Average home prices fell by a quarter last year in the world’s most expensive city as protests, trade war sapped demand
- The average price of a new home in Hong Kong fell last year by the most since a 29 per cent slump in 2006, according to Ricacorp Properties
- Analysts see a further slide, forecasting that home prices will drop between 15 and 20 per cent in 2020
The average price of a new flat in Hong Kong fell by the most in 13 years in 2019 as months of civil unrest battered market sentiment. More losses have been predicted in 2020.
The anti-government protests, which started in June and became increasingly volatile, deterred buyers and caused the average price of a new home to drop by HK$3.72 million (US$478,226), or 25 per cent, to HK$10.87 million from an all-time high in 2018, according to real estate agency Ricacorp Properties.
While the average price is at a four-year low, the size of the drop represents the biggest pullback since 2006 when it slumped by 29 per cent, said Derek Chan, head of research at Ricacorp, whose firm has been compiling the data since 1996.
Cracks in Hong Kong’s housing market have appeared as protests escalated through the later half of 2019, forcing developers to offer discounts to clear their inventories. A shrinking economy will push the housing market further into a bear-market territory as industry experts forecast deeper losses this year amid the city’s ongoing political crisis.

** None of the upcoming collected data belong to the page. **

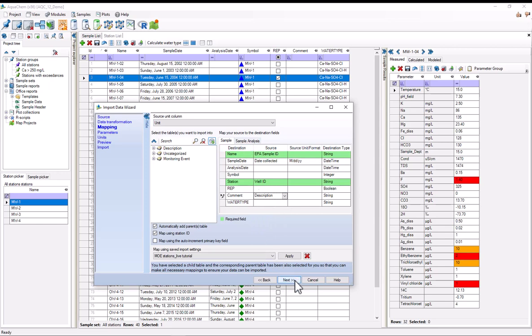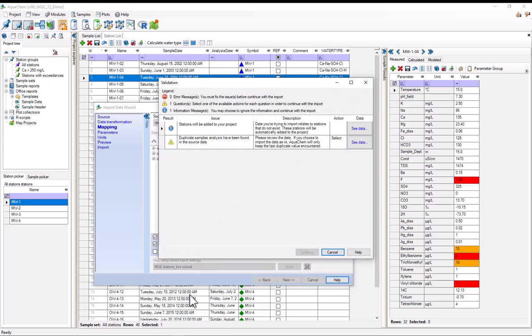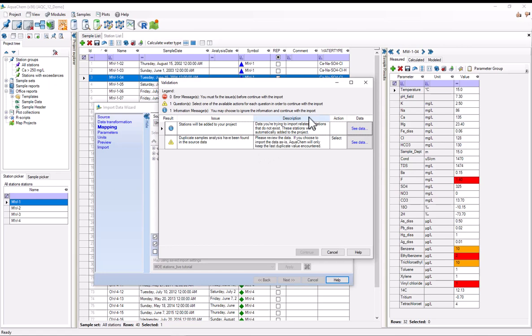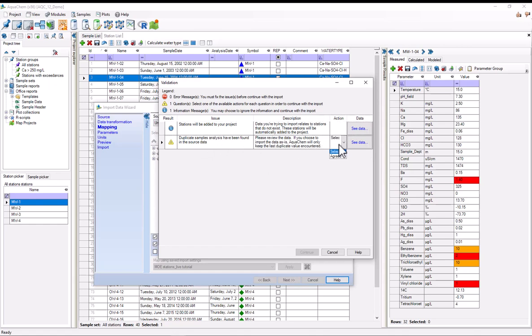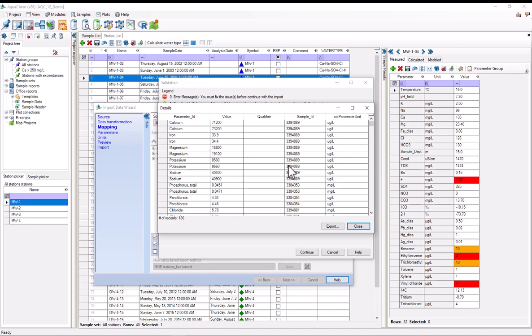But before I can do that, AquaChem has a couple notices for me. For one thing, there were a bunch of stations in this data that aren't in the project yet. Thankfully, AquaChem just allows you to automatically add these stations to the project. And I've got the ability to see which stations will get added by selecting see data. And it's also telling me that I've got some duplicate samples in my data. Here, I basically just acknowledge that AquaChem will only keep the last duplicate value. And I've got the option to see what the duplicates are by selecting see data here. And as you can see, we've got several results here. We've got the same sample ID.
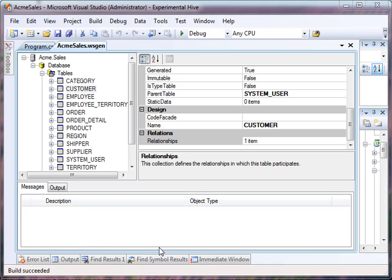This is an example of how to do dependency walking inside of the data access layer. This is the Acme Sales database that we've been using in other examples.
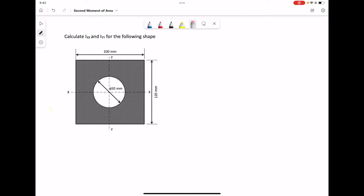For this shape, we're going to calculate the second moment of area of the shaded area about a horizontal axis xx, and about a vertical y axis yy. The basic formula that we're going to need is the formula for the second moment of area for a rectangular shape and for a circle.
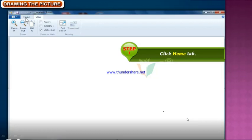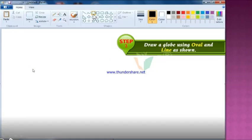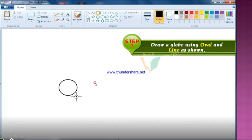Step 1: Click the Home tab. Step 2: Draw a globe using the oval shape and a line, as shown.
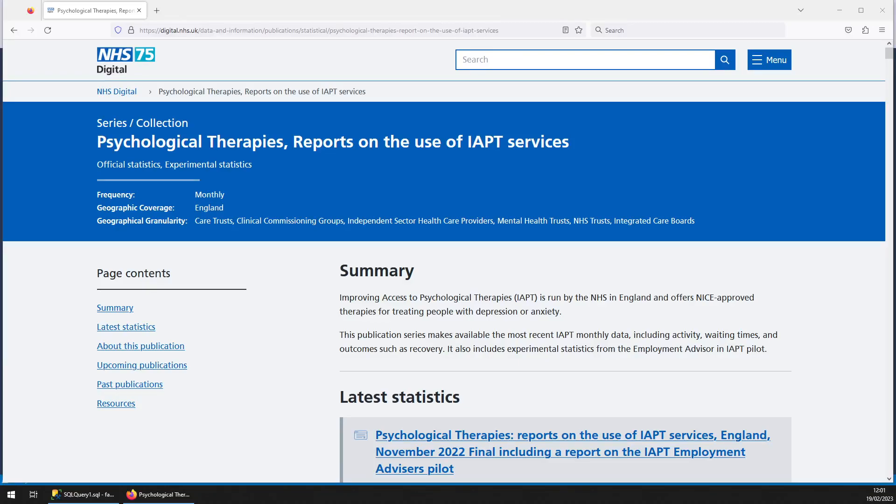Hello and welcome to another Facts and Dimensions Spotlight dataset. This one's covering Improving Access to Psychological Therapies, or IAPT for short. So let's have a look at what we have.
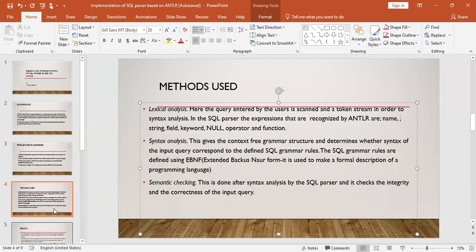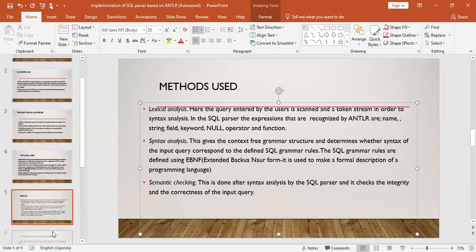Syntax analysis gives a context-free grammar structure and determines whether the syntax of an input query corresponds to the defined SQL grammar rules. The rules of the SQL grammar are defined using EBNF — Extended Backus-Naur Form — which is used to make a formal description of the programming language. Then semantic checking is done after syntax analysis by the SQL parser for the integrity and correctness of an input query.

Most of the 15 industry players and analysts polled by the South China Morning Post last month said they see home prices sliding 15 per cent in 2020, with one forecasting that luxury homes will drop by as much as 20 per cent.
The residential market is likely to be affected by the political crisis engulfing the city, as well as “the potential for the continuing slowdown of both the local and global economy, plus a possible higher unemployment rate”, said Rosanna Tang, Colliers International’s head of research for Hong Kong and Southern China.
Ricacorp attributed last year’s decline partially to the fact fewer luxury residential projects went on sale last year, thus dragging down the average price across the board. Hong Kong is ranked among the least affordable housing market in the world.
The number of transactions for new flats costing between HK$4 million and HK$6 million climbed 72 per cent to 4,900 deals in 2019. The number of homes priced from HK$6 million to HK$8 million jumped 34 per cent to 4,988, according to Ricacorp data.
The higher-end market showed an opposite trend. Purchases of homes costing between HK$20 million and HK$50 million plunged 54 per cent to 888 deals, while flats costing up to HK$100 million declined 27 per cent to 91 transactions, it added.
Still, the total number of purchases of new homes reached a 15-year high of 20,688 last year. In 2004, there were 26,996 transactions.
Last year, Sino Land’s Grand Central in Kwun Tong was the most popular project with 1,620 flats being snapped up, according to Ricacorp.
Louis Chan Wing-kit, managing director of Centaline Property Agency’s residential department, said homes priced below HK$10 million would remain the most sought-after as wealthier investors stay on the sidelines.
“Developers will continue releasing more mass-market homes to meet growing demand,” he said.